Implicit authentication method for smartphone users based on rank aggregation and random forest

Abstract

Currently, the smartphone devices have become an essential part of our daily activities. Smartphone’ users run various essential applications (such as banking and e-health Apps), which contains very confidential information (e.g., credit card number and its PIN). Typically, the smartphone’s user authentication is achieved using mechanisms (password or security pattern) to verify the user identity. Although these mechanisms are cheap, simple, and quick enough for frequent logins, they are vulnerable to attacks such as shoulder surfing or smudge attack. This problem could be addressed by authenticating the users using their behaviour (i.e., touch behaviour) while using their smartphones. Such behaviours include finger’s pressure, size, and pressure time while tapping keys. Selecting features (from these behaviours) could play an important role in the authentication process’s performance. This paper aims to propose an efficient authentication method providing an implicit authentication for smartphone users while not imposing an additional cost of special hardware and addressing the limited smartphone capabilities. We first investigated feature selection techniques from the filter and wrapper approaches and then used the best one to propose our implicit authentication method. The random forest classifier is used to evaluate these techniques.
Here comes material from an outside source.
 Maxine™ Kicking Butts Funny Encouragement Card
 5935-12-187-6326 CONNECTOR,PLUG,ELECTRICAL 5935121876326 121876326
It is also used to achieve the classification task in our authentication method. Using a public dataset, the experimental results showed that the filter-based technique (i.e., rank aggregation) is the best feature selection to build an implicit authentication method for the smartphone environment. It showed accuracy results around 97.80% using only 25 features out of 53 features (i.e., require less mobile resources (memory and processing power) to authenticate users. At the same time, the results showed that our method has less error rate: 2.03 FAR, 0.04 FRR, and 1.04 ERR, comparing to the related work. These promising results would be used to develop a mobile application that allows implicit authentication of legitimate owners while avoiding the traditional authentication problems and using fewer smartphone resources.